His father stared at him. “Logan, this is a magical murder. We cannot afford to have your detectives investigate this.”
“They’re not going to realize magic was involved, Dad. The autopsy will say she was killed by a dog bite. They’re going to assume Jenny went nuts and attacked her—which is basically what happened.”
“What about Sherri?” Arthur jerked a thumb at the burn mark on the wall. “Not to mention the outline of the seven-foot-tall monster on the wall?”
“We can remove that.” Gwen eyed the mark thoughtfully. “Along with all signs of Sherri and her blood.”
Grace nodded. “And the glass door she blew open.”
“Probably need to create some way the dog could have escaped,” Giada said thoughtfully.
“That’s simple enough,” Logan said. “We could just say the door was standing open when we drove up.”
Arthur frowned. “According to Smoke, Taylor told your lieutenant she thought you killed Davis.

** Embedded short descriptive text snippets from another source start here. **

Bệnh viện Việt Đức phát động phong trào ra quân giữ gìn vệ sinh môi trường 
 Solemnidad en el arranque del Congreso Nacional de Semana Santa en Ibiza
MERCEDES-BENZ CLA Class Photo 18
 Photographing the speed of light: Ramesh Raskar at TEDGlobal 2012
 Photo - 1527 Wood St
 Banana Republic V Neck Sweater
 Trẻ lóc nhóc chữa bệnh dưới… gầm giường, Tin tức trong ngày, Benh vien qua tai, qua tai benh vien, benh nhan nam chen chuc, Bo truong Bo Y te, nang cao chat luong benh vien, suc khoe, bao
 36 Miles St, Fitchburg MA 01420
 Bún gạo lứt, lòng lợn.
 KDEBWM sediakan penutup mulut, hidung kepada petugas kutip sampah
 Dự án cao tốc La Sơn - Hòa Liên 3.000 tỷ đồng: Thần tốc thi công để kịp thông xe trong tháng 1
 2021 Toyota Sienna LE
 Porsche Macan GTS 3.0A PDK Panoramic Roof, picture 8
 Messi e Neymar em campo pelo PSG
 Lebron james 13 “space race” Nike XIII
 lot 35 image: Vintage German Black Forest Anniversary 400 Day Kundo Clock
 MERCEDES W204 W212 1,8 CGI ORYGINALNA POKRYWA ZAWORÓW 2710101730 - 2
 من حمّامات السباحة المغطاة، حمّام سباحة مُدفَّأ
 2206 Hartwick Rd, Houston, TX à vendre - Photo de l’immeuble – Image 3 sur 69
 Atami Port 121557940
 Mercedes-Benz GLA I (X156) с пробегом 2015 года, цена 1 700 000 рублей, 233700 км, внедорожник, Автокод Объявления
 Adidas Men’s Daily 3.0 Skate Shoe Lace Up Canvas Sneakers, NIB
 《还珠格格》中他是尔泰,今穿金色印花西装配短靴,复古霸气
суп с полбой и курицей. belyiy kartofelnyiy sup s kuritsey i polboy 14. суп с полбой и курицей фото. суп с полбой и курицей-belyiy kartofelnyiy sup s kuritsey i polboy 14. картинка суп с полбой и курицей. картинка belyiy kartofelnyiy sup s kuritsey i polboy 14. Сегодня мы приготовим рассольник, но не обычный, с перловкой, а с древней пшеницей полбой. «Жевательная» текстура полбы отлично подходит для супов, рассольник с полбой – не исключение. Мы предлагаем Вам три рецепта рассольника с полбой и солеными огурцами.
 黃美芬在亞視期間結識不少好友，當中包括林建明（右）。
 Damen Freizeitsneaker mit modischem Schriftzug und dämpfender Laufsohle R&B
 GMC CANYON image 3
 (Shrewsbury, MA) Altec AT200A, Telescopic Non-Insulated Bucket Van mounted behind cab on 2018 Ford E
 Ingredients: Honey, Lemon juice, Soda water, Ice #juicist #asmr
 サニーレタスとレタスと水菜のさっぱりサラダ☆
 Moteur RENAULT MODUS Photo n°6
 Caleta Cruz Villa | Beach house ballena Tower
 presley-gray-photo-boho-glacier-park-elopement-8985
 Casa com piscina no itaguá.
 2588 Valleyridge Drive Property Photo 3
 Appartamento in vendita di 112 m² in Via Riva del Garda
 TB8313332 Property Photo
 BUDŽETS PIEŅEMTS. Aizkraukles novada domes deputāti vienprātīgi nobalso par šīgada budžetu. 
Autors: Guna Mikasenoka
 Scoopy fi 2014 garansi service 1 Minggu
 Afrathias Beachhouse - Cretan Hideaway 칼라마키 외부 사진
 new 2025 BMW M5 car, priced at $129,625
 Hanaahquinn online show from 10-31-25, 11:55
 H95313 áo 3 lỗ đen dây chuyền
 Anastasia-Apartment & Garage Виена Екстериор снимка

They’re going to wonder what you’re doing here.”
He shrugged. “I’ll just tell ’em I dropped by to talk. It’s still early enough for a visit. It’ll be pretty damned obvious I didn’t kill her.” Logan looked down at Sam’s body, his expression brooding. “No human did that.”
“Technically speaking, you don’t have to get involved with this at all,” Arthur pointed out.
Logan glowered at him. “She’s one of my squad mates. I’m damned if I’m going to leave her here to rot.”
“Of course not. But we could make an anonymous call to 911. When the officer arrived to check out the call, he would discover her.”
“That would only raise more questions. She’s obviously been dead awhile, which means it’s too late for a passerby to call because she heard screams. Which would make detectives wonder if the killer made the call. Since the killer is supposed to have four legs and a tail—not a good plan.”
“Logan, I could call the cops,” Giada pointed out. “You could go with Arthur to hunt the killer.”
He hesitated a moment, then shook his head. “What if the Dire Wolf came back after we left?”
“Why would she do that?”
“Why did she kill Sam? She’s nuts.”
“Logan’s right—he should stay with you. I don’t want to end up with another dead Maja.” Arthur looked at his knights. “In the meantime, let’s pay a visit to Trey’s dear old dad and find ou
t what he knows about this mess.”
“I’ll stay with Logan,” Giada said. “We’ll go get his car, drive up as though we just got here.”
“I will take Sherri home and prepare her for her death ceremony.” Grace looked down at the Maja’s twisted body, sadness in her eyes. “Such a bloody, stupid waste.”
Arthur’s lip curled. “And someone is damned well going to pay.”
Gwen turned to Logan and extended her hand. Magic sparked in her palm, solidifying into a cell phone. “If you get separated from Giada, use this.”
He lifted a brow as he took it. “I gather it’s not really a CrackBerry?”
“Nope. Magic. It’ll connect you right to me, and Arthur and I will come running.”
Logan clipped it onto his belt. “I just hope we won’t need it.”
“Believe me, kid—so do I.”
“You got trouble,” Charlie Myers said in his smoker’s rasp. “I told Arthur your husband had nothing to do with this mess, but I don’t think he believed me. Suspicious bastard—begging your pardon, ma’am.”
“That’s quite all right.” Joan Devon gripped the phone in a white-knuckled grip, ignoring the pain of her wounds. A savage joy rose in her as she listened to the Southern Clans chieftain.
This was just the opening she needed.
“I told him no Chosen would have anything to do with killin’ Latents,” Myers continued, “especially not a Devon.”
“Well, given that my son murdered all those human women, one can see how Arthur might have found your assurances a bit hollow.”
“Ah.” Myers sounded taken aback. “Yeah, but Trey was . . . well, begging your pardon, ma’am, but Trey was crazy.”
And so is my husband. Why do you think Trey went mad? Joan did not say so out loud, however. That was not a fact to share with the likes of Charlie Myers. She did have her pride, after all. “Thank you for your concern, Mr. Myers. I will deal with the situation.”
“You’ll let your husband know?”
“Of course,” she lied. “Good-bye, Mr. Myers.”